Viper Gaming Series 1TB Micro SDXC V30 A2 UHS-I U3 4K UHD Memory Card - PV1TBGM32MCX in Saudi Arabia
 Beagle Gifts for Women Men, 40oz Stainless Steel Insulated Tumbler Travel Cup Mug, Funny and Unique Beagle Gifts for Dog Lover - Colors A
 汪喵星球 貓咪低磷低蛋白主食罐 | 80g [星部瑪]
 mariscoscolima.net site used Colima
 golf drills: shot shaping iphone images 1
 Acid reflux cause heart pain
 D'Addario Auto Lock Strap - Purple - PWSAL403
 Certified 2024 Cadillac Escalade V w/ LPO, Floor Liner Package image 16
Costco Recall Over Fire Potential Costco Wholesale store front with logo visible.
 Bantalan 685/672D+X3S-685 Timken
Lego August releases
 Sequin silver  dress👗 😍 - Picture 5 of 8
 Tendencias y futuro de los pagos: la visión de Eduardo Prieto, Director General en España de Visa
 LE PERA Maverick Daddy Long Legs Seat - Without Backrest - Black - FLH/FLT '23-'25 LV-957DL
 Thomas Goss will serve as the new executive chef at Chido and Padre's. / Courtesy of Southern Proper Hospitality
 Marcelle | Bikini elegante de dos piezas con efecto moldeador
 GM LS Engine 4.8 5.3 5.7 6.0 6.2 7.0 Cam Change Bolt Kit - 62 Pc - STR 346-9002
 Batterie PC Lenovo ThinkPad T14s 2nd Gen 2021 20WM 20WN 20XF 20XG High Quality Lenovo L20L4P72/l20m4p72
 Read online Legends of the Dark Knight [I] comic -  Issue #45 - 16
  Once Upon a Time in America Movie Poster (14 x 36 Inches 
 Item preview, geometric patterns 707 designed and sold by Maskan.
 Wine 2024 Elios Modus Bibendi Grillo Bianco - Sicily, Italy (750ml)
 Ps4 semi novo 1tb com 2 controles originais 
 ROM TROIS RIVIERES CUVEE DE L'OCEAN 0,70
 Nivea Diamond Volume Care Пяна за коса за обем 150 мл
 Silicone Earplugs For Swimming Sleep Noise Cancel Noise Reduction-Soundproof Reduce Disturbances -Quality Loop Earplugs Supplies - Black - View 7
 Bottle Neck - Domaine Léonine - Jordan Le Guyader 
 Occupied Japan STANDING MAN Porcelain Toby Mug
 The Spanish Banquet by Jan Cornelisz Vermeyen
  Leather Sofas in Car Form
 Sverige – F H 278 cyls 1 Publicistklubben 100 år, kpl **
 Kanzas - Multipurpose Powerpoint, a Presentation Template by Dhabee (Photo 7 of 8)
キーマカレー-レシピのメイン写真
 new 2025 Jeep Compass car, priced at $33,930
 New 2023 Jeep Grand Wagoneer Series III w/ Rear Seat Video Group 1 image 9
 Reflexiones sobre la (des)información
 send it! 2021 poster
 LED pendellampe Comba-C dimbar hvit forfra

···

> _ASSIGNED TASK_: Once you find the line with "Tendencias y futuro" in the entries above, output it and each line after it up to and including the line with "Occupied Japan STANDING", and nothing else.

> _YOUR SOLUTION_:
 Tendencias y futuro de los pagos: la visión de Eduardo Prieto, Director General en España de Visa
 LE PERA Maverick Daddy Long Legs Seat - Without Backrest - Black - FLH/FLT '23-'25 LV-957DL
 Thomas Goss will serve as the new executive chef at Chido and Padre's. / Courtesy of Southern Proper Hospitality
 Marcelle | Bikini elegante de dos piezas con efecto moldeador
 GM LS Engine 4.8 5.3 5.7 6.0 6.2 7.0 Cam Change Bolt Kit - 62 Pc - STR 346-9002
 Batterie PC Lenovo ThinkPad T14s 2nd Gen 2021 20WM 20WN 20XF 20XG High Quality Lenovo L20L4P72/l20m4p72
 Read online Legends of the Dark Knight [I] comic -  Issue #45 - 16
  Once Upon a Time in America Movie Poster (14 x 36 Inches 
 Item preview, geometric patterns 707 designed and sold by Maskan.
 Wine 2024 Elios Modus Bibendi Grillo Bianco - Sicily, Italy (750ml)
 Ps4 semi novo 1tb com 2 controles originais 
 ROM TROIS RIVIERES CUVEE DE L'OCEAN 0,70
 Nivea Diamond Volume Care Пяна за коса за обем 150 мл
 Silicone Earplugs For Swimming Sleep Noise Cancel Noise Reduction-Soundproof Reduce Disturbances -Quality Loop Earplugs Supplies - Black - View 7
 Bottle Neck - Domaine Léonine - Jordan Le Guyader 
 Occupied Japan STANDING MAN Porcelain Toby Mug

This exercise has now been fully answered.